The charts in Figure 10 show the mean performance of the real and synthetic models over these experiments. The synthetically fitted models have very competitive performance and generalize well to the unseen real data. Also, we observed only minimal variance across the experiments (2%, 2% and 2.5% in Accuracy, AUC-ROC, and F1-score, respectively).


Fig. 10: The various scores that evaluate the performance of the models fitted to the original and synthetic data closely match (higher scores correspond to better predictive power).

Moreover, the models trained on the synthetic data treat the classes of the sensitive attribute (gender, in this case) nearly equally. These predictive models output the probability of being high-income for any data point, so we can look at how these probabilities are distributed. Since there are more low-income samples, we expect these probabilities to be concentrated close to 0, both for females and males. However, for the model fitted on the original data, we see below that there is a much higher number of around-0 probabilities for females than males (Figure 11).


Fig. 11: The models fitted to the bias-corrected synthetic data give much more similar predictions to males and females than models trained on the original data.

On the other hand, with the predictors trained on the synthetic data these distributions are brought very close together. This is exactly the group fairness that parity is designed to capture. The important thing to keep in mind though is that the predictive-model training itself did not involve any type of optimization to fairness and the evaluation is also on the biased original data. So this fair outcome is solely due to using bias-corrected synthetic data for the training.

Our results align with the findings of research conducted at Carnegie Mellon University into fair representations of data. We see that our fairness-constrained synthetic data solution learns to represent data points in a way that removes the dependencies between the sensitive and target attribute while preserving other relationships.

Correcting the Compas Data Set

We return briefly to the ProPublica study on algorithmic justice and the corresponding Compas data set (see our introductory fairness post). This data set contains information about defendants together with their predicted risk to re-offend, the so-called Compas score. We generate a parity-fair synthetic version of this data set with “race” as the sensitive attribute and the Compas score as the target variable. The original data set is heavily biased towards African Americans which in turn gets perfectly corrected in our synthetic data.


Fig . 12: Removing the race bias from the Compas score by using fairness-constrained synthetic data.

In the original Compas data set, the ratio of individuals with high Compas scores is 59% and 35% for African Americans and Caucasians, respectively. Quite impressively, our bias mitigated data reduced this gap to merely 1%, settling the values in the middle at 49% and 48%, respectively.

In the subsequent prediction task, we can achieve almost perfect equality between the predicted probabilities for high Compas score between the two classes of the sensitive attribute “race” (Figure 13).


Fig. 13: The probability distribution for predicted high Compas score with increasing fairness weights.

Looking at the classifier’s performance, this parity-correction comes with minimal compromise in predictive accuracy (Figure 14).

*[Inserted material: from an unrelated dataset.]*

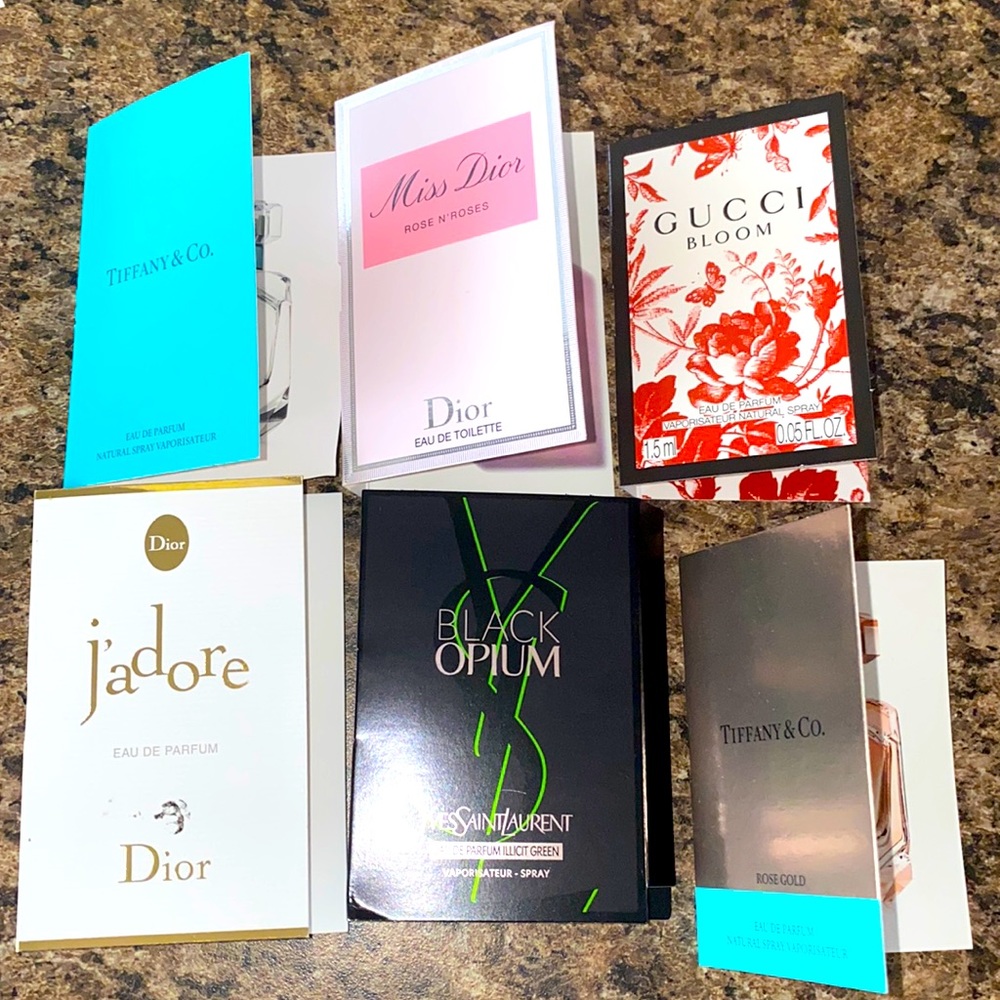 Sample size designer perfumes lot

14: Comparing the model performance for predictors trained on the original and bias-corrected synthetic data.

Alternative Fairness Definitions

While demographic parity is a very intuitive notion, it has certain limitations. As compared to other fairness definitions, there is a worse trade-off between satisfying parity and having high accuracy for the generated data. If your original data had a class imbalance then the parity-mitigated synthetic data or a classifier that is forced to satisfy parity cannot achieve the same level of accuracy as a predictor with no parity loss. Actually, the base-rate difference is a provable lower bound on the accuracy. Moreover, parity is a notion of group fairness, it equalizes outcomes across classes, while other approaches optimize for individual fairness focusing on treating similar individuals similarly. S. Corbett-Davies and S. Goel argue that all these approaches suffer from serious shortcomings and advocate a risk-based assessment that could better serve policymaking.

Since parity only considers the sensitive attribute and a single other variable, it is not designed to handle a situation involving both predictions and a ground-truth label (three variables all together). So, in a more nuanced approach to fairness, one aims to have a predictor model that makes the same mistakes with the same chance across the sensitive attribute classes.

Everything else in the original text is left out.